* [PROBLEM TO SOLVE] Once the line containing "New 2025 Chevrolet Express 2500 image 15" is found, please copy it and all lines after it through the end of the records, exactly, leaving out pictures.

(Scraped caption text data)
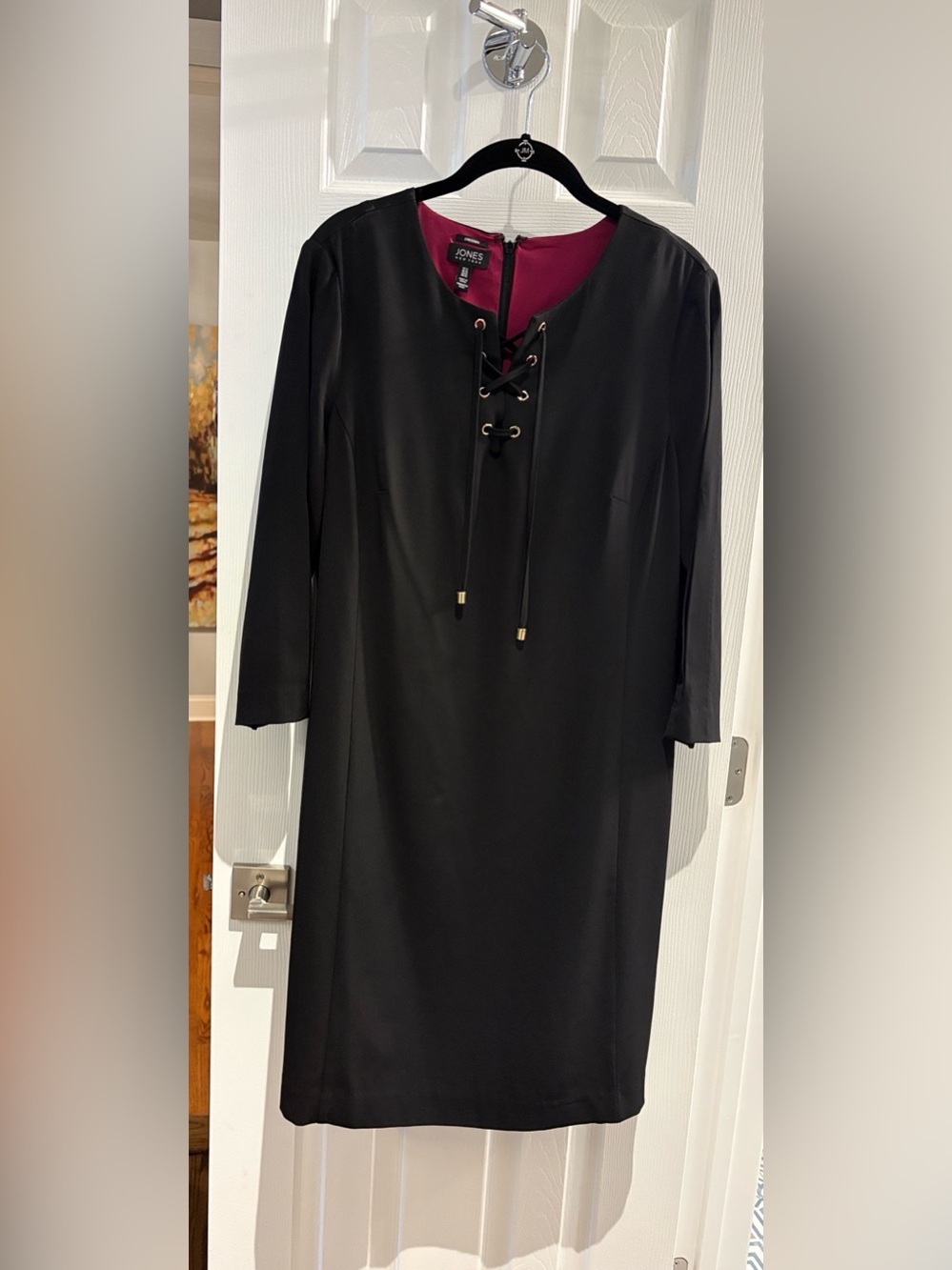 Jones New York Black Long-Sleeve Lace-Up Shift Dress with Magenta Accent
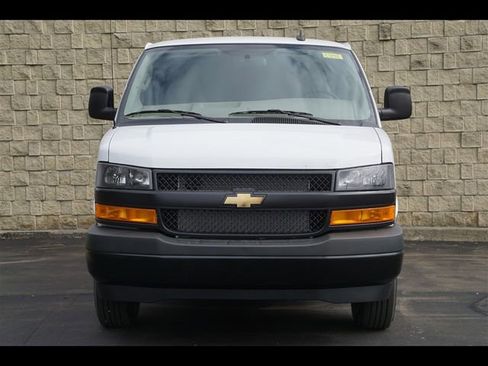 New 2025 Chevrolet Express 2500 image 15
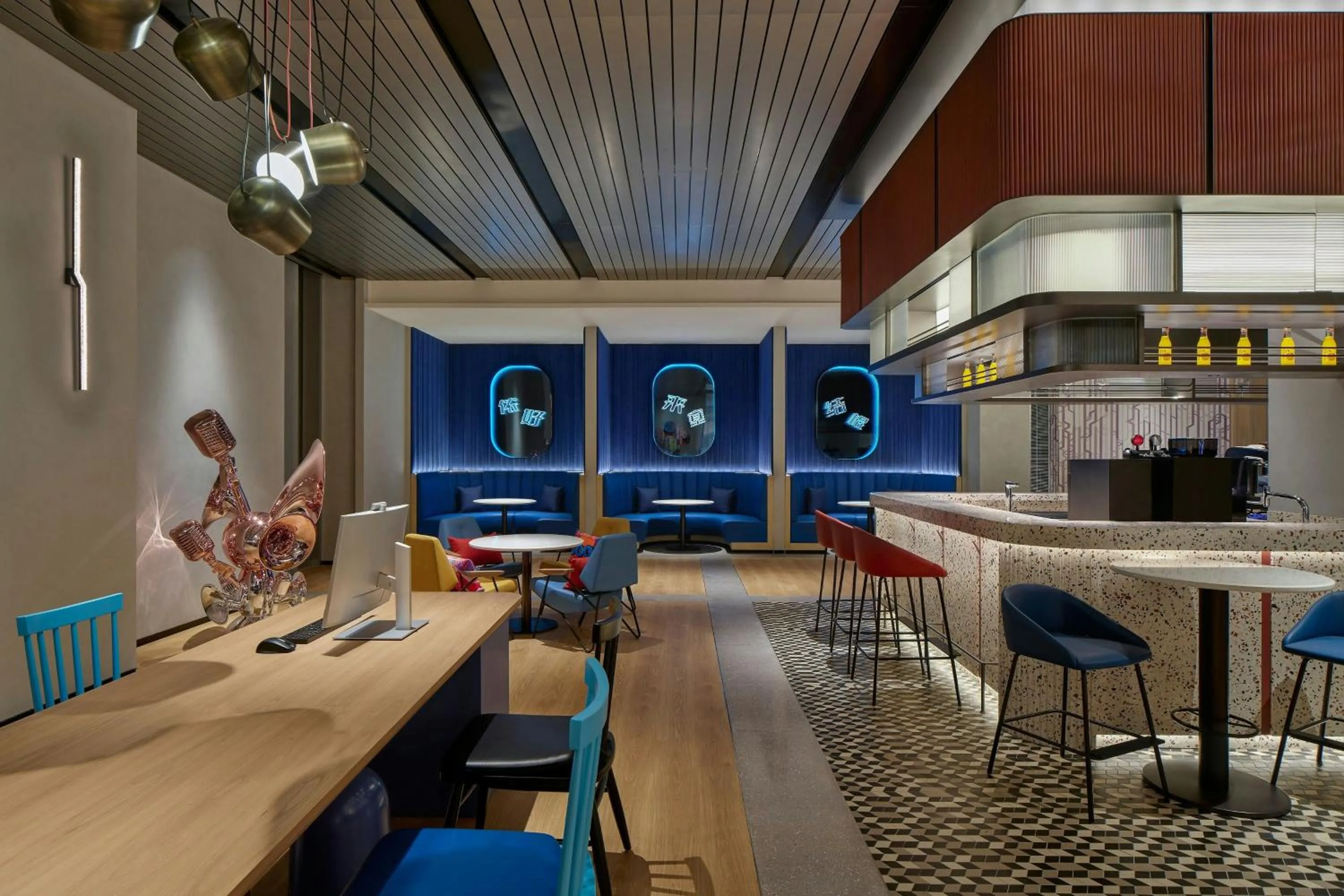 Lounge or bar in Aloft Shanghai Hongqiao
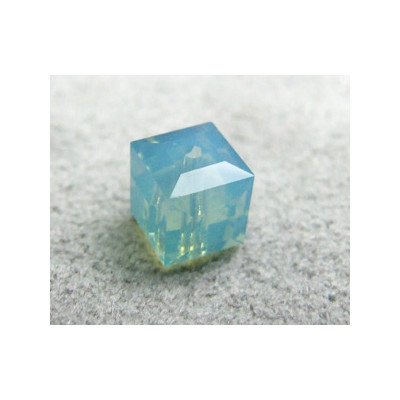 Perle cube en cristal Swarovski 5601 6mm Pacific Opal (x1)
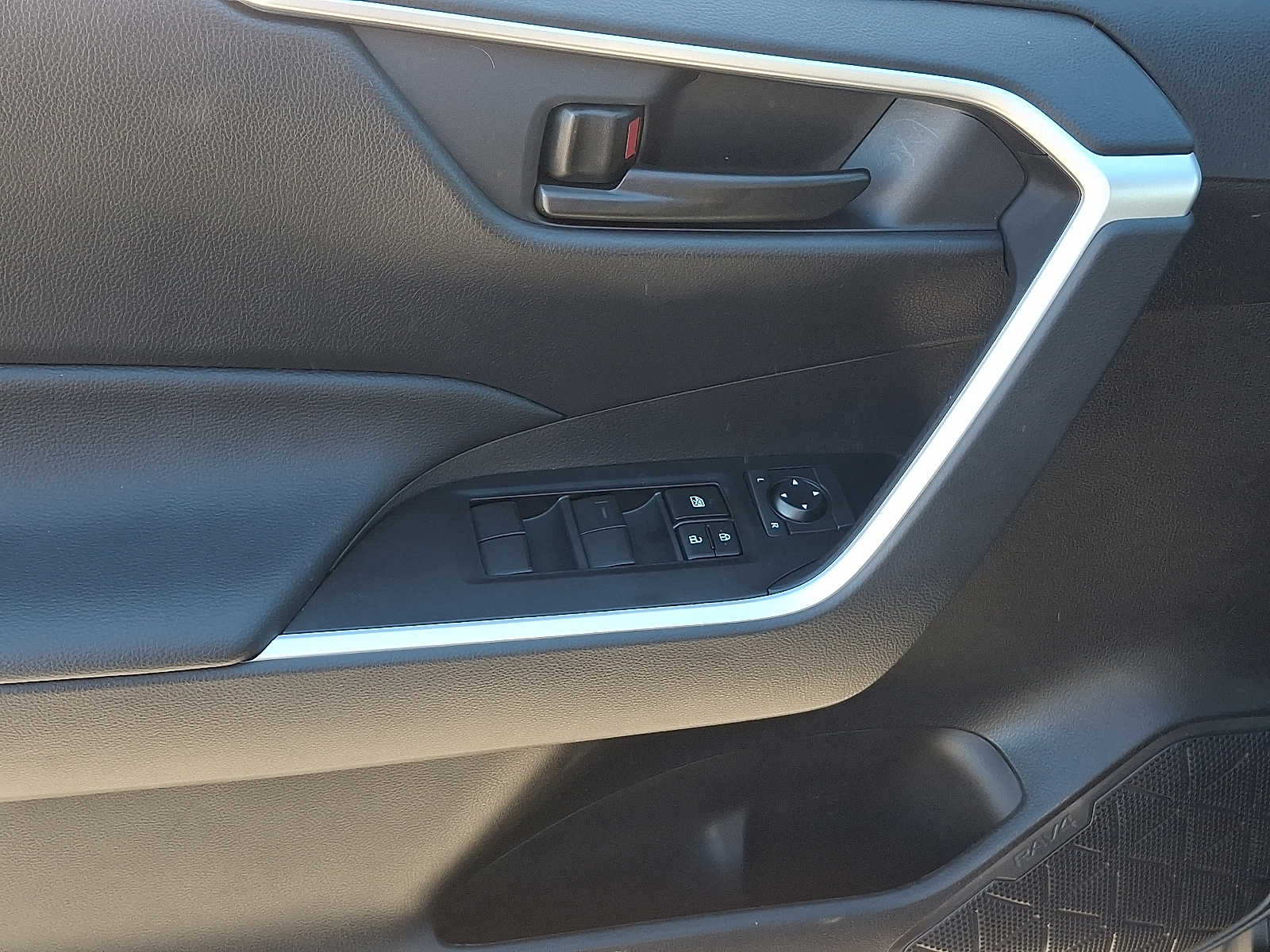 Thumbnail: 2025 Toyota RAV4 - 15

* [ANSWER SPACE]
 New 2025 Chevrolet Express 2500 image 15
 Lounge or bar in Aloft Shanghai Hongqiao
 Perle cube en cristal Swarovski 5601 6mm Pacific Opal (x1)
 Thumbnail: 2025 Toyota RAV4 - 15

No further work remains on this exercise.